According to trial testimony, two months after the hit on the east coast Hells Angels, Nolan instructed fellow South Florida Outlaw Don (Gangrene) Sears to murder his girlfriend Naomi Sinoqub for the belief that she intended on going to police to give them information on the chapter’s prostitution ring. Sears, a co-defendant of Nolan’s in the case, kidnapped Sinoqub with another lieutenant in the Outlaws, Richard (Dirty Dick) Brainard and the pair took her out on Brainard’s boat, shot her in the head, slit her throat and dumped her body in the Atlantic Ocean.
Nolan’s affairs of the heart also made it into testimony. When in July 1977, his girlfriend Tina Wittenstein left him for a customer of hers at the topless bar she worked at, Big Jim had them kidnapped, viciously beaten and held until her new boyfriend gave the Outlaws $40,000 of a demanded $100,000 ransom.
Big Jim beat another girlfriend of his so bad in 1981 that he put her in the hospital with broken ribs and a broken jaw from crushing her face with his bare hands as she screamed for help. Per witness accounts, Nolan paraded other woman in front of his hospitalized girlfriend as an example to them as to what happens if they get him angry.

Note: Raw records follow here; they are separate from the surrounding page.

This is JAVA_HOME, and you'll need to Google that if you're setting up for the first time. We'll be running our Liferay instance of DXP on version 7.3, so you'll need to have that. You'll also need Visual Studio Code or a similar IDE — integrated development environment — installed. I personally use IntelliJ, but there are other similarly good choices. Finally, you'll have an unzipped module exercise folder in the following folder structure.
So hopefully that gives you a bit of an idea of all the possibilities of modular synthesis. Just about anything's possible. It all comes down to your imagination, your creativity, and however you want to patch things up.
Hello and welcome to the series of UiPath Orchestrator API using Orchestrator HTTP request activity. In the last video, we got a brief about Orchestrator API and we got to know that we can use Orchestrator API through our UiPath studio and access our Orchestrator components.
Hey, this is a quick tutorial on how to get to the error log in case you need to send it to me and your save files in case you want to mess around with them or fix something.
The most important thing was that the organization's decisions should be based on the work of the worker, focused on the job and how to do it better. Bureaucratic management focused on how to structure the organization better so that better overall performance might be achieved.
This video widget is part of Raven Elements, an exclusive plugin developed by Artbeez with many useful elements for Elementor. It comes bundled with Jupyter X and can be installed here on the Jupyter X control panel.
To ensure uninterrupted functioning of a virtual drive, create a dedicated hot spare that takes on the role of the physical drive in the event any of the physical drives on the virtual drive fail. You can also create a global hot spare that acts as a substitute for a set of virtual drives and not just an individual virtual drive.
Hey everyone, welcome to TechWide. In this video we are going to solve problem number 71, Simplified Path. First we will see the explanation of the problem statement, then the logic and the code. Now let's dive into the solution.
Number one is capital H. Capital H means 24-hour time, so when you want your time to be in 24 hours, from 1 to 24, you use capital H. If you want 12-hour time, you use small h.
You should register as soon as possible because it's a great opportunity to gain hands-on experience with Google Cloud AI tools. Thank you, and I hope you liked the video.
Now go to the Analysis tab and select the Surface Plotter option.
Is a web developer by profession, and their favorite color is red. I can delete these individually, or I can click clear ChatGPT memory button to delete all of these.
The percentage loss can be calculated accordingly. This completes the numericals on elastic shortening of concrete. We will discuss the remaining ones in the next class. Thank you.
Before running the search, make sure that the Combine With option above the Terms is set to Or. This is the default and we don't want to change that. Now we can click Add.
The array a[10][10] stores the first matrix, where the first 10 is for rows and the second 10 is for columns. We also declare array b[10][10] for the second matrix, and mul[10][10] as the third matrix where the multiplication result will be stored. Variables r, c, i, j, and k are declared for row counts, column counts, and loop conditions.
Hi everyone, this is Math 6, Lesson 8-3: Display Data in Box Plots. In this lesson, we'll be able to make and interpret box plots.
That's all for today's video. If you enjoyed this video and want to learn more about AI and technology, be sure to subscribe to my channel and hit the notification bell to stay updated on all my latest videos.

One witness remembered being told: “You see what I did to her? And I’m in love with this bitch. I don’t even like you’re motherfucking ass. So go ahead and try to piss me off and see what happens.”
Nearly two years after Nolan got locked up on his weapons case, Yankee Heglen and Outlaws lieutenant and explosives expert Clarence (Big Smitty) Smith supposedly participated in a heinous mass murder. In February 1983, Smith was in a beef with Fernando Stefano, a non-Outlaws affiliated drug dealer, who had kidnapped and sexually assaulted Smith’s girlfriend in retaliation for a perceived previous slight, and recruited Hegney to help him get revenge.
Per police records, Smith and Hegney broke into Stefano’s home in the middle of the night, shot him at point-blank range in his bed and then did the same with three of his houseguests, Tommy Young, David Bostic and Wendy James. Stefano’s fiancé Penny Reid survived being shot in the face and identified Smith as one of the assailants. Bostic fingered Yankee Hegney to responding emergency medical technicians as the man who shot him just before he died. State charges were filed and dismissed prior to trial.